Auf der Flucht durch Barcelona kaperte Moussa Oukabir vermutlich ein Fahrzeug und erstach den Fahrer. Mit Sicherheit weiß man, dass ein Wagen am Stadtrand eine Polizeisperre durchbrach, es kam zu einer Schießerei. Als die Polizei das Fahrzeug inspizierte, fand sie die Leiche des Autobesitzers mit Stichwunden auf dem Beifahrersitz. Vom Fahrer keine Spur.

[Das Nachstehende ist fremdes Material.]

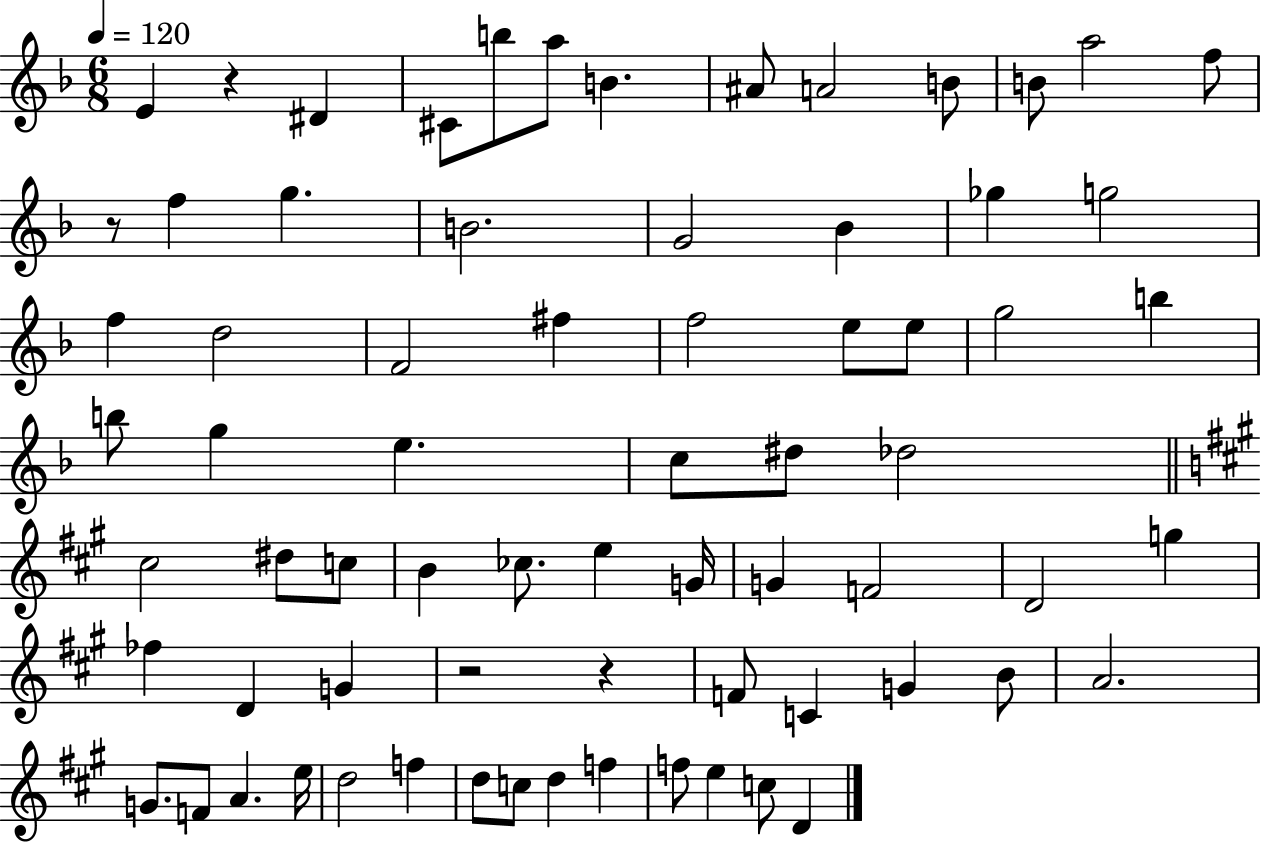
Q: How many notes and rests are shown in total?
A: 71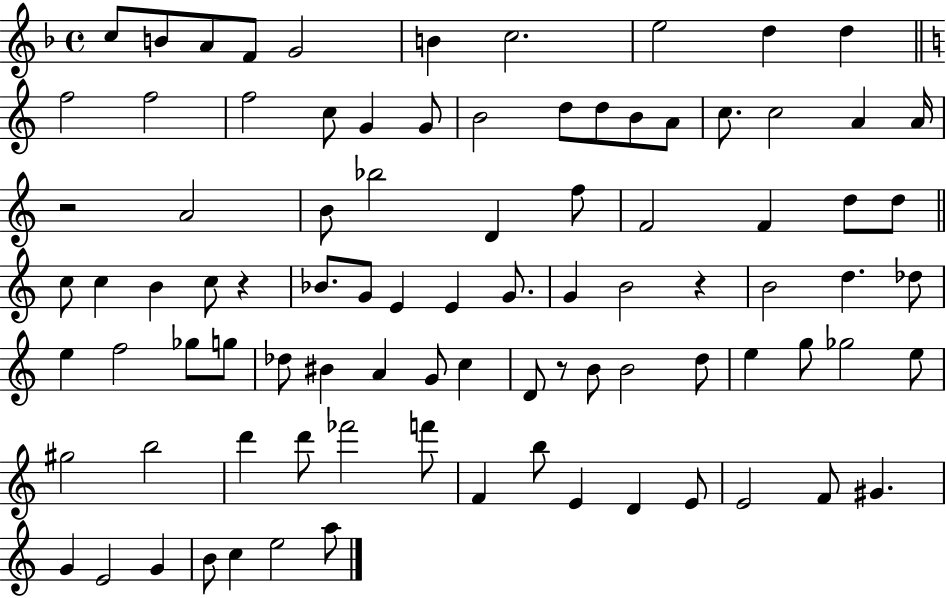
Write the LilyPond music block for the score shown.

{
  \clef treble
  \time 4/4
  \defaultTimeSignature
  \key f \major
  c''8 b'8 a'8 f'8 g'2 | b'4 c''2. | e''2 d''4 d''4 | \bar "||" \break \key a \minor f''2 f''2 | f''2 c''8 g'4 g'8 | b'2 d''8 d''8 b'8 a'8 | c''8. c''2 a'4 a'16 | \break r2 a'2 | b'8 bes''2 d'4 f''8 | f'2 f'4 d''8 d''8 | \bar "||" \break \key a \minor c''8 c''4 b'4 c''8 r4 | bes'8. g'8 e'4 e'4 g'8. | g'4 b'2 r4 | b'2 d''4. des''8 | \break e''4 f''2 ges''8 g''8 | des''8 bis'4 a'4 g'8 c''4 | d'8 r8 b'8 b'2 d''8 | e''4 g''8 ges''2 e''8 | \break gis''2 b''2 | d'''4 d'''8 fes'''2 f'''8 | f'4 b''8 e'4 d'4 e'8 | e'2 f'8 gis'4. | \break g'4 e'2 g'4 | b'8 c''4 e''2 a''8 | \bar "|."
}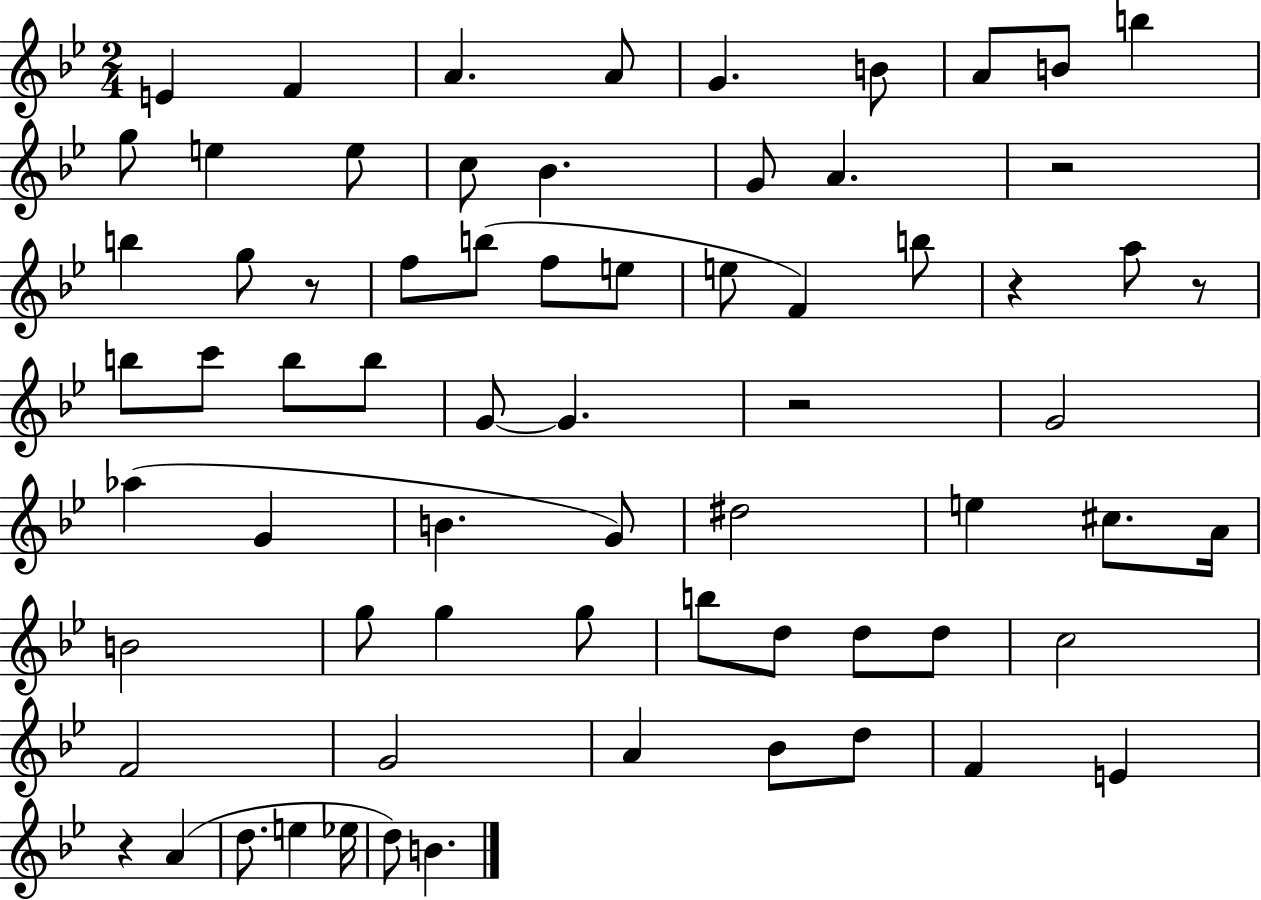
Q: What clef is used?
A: treble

In Cambrils wollte ein fünfköpfiges Terrorkommando mit Sprengstoff gürtel attrappen ein weiteres Massaker begehen. Gegen 1.15 Uhr gelang es der Polizei, an der Promenade in der Nähe des Hafens mit Schüssen ein Fahrzeug zu stoppen, das gerade Menschen überrollt hatte. Die Terroristen sprangen aus dem Wagen, vier von ihnen wurden durch die Schüsse eines Polizisten niedergestreckt. Die mit Äxten und Langmessern bewaffneten Männer seien auf ihn zugelaufen, nachdem sich ihr Auto während der Verfolgungsfahrt mit der Polizei überschlagen hatte. Einer flüchtete und tötete auf der Promenade noch eine Frau und verletzte sechs Menschen, bevor auch er erschossen wurde.
Die Polizei geht inzwischen von einer gut organisierten Terrorzelle aus. Der mutmaßliche Haupttäter soll in sozialen Netzwerken bekundet haben, „so viele Ungläubige wie möglich töten“zu wollen.